**The problem**: Lower down are entries containing pictures. Copy exactly, without those pictures, the lines from the line with "Retro Leicester Tigers Rugby Union Hoodie" through the line with "AETC Commander Unveils Rosa Parks Sculpture".

**Raw data**:
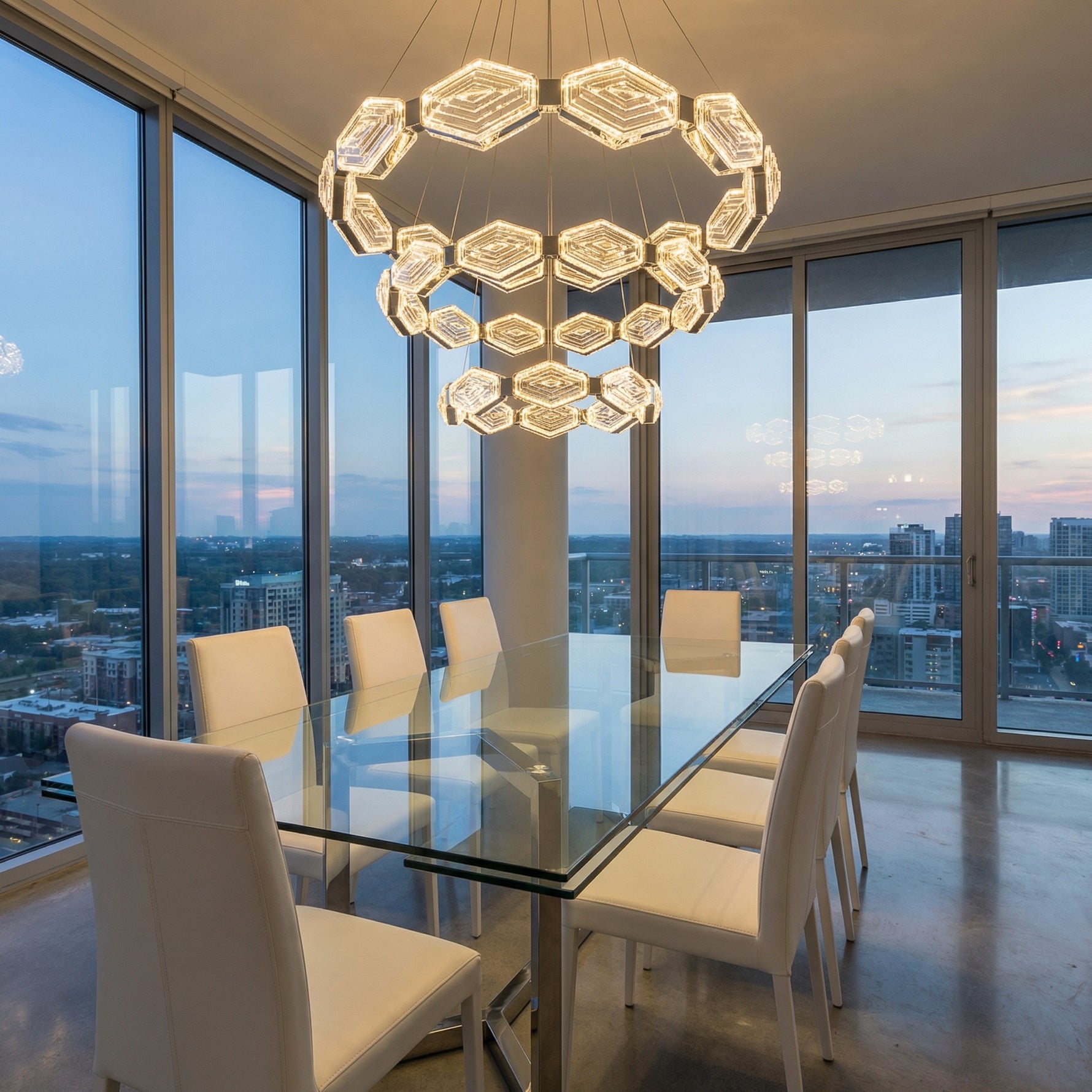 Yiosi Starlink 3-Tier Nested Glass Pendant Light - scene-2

--

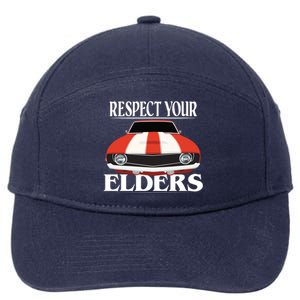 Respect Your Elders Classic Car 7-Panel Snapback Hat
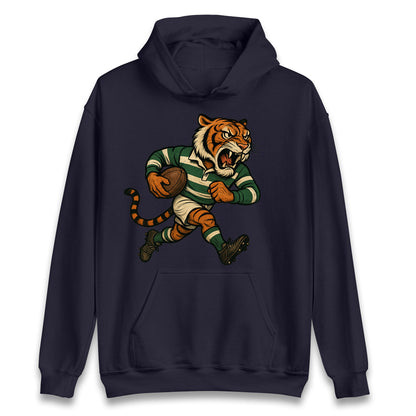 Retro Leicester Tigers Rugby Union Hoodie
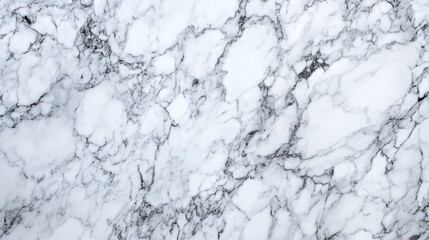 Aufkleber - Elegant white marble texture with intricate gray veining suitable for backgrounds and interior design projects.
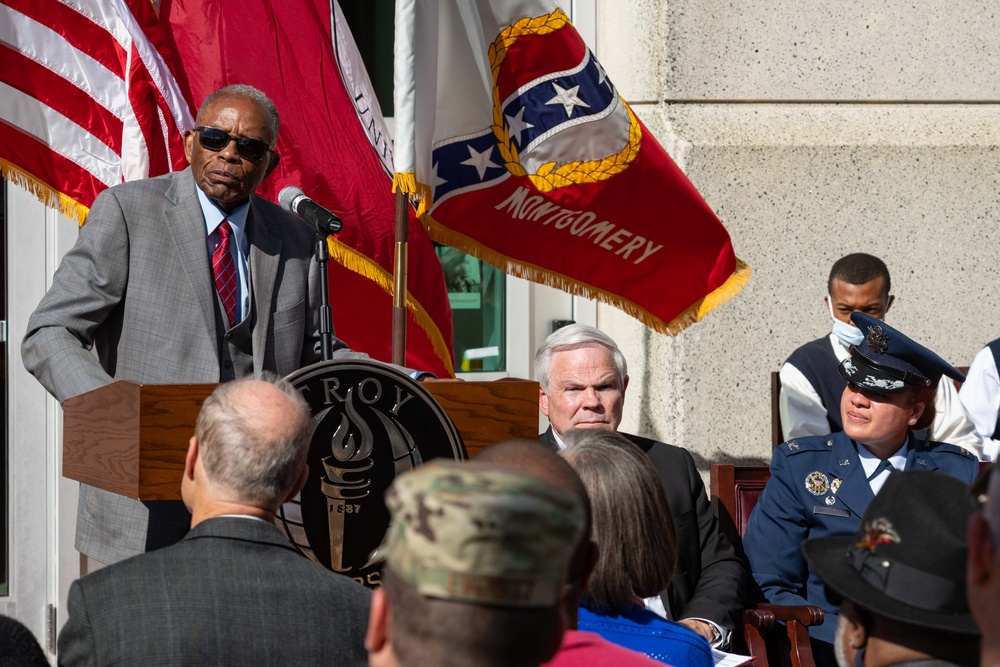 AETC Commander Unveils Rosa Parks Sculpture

---

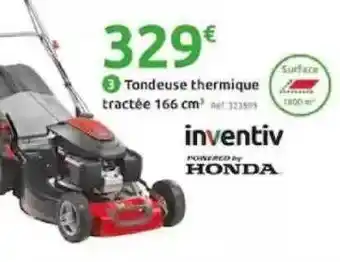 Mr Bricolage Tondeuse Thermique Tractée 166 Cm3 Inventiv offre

**Solution for this exercise**:
 Retro Leicester Tigers Rugby Union Hoodie
 Aufkleber - Elegant white marble texture with intricate gray veining suitable for backgrounds and interior design projects.
 AETC Commander Unveils Rosa Parks Sculpture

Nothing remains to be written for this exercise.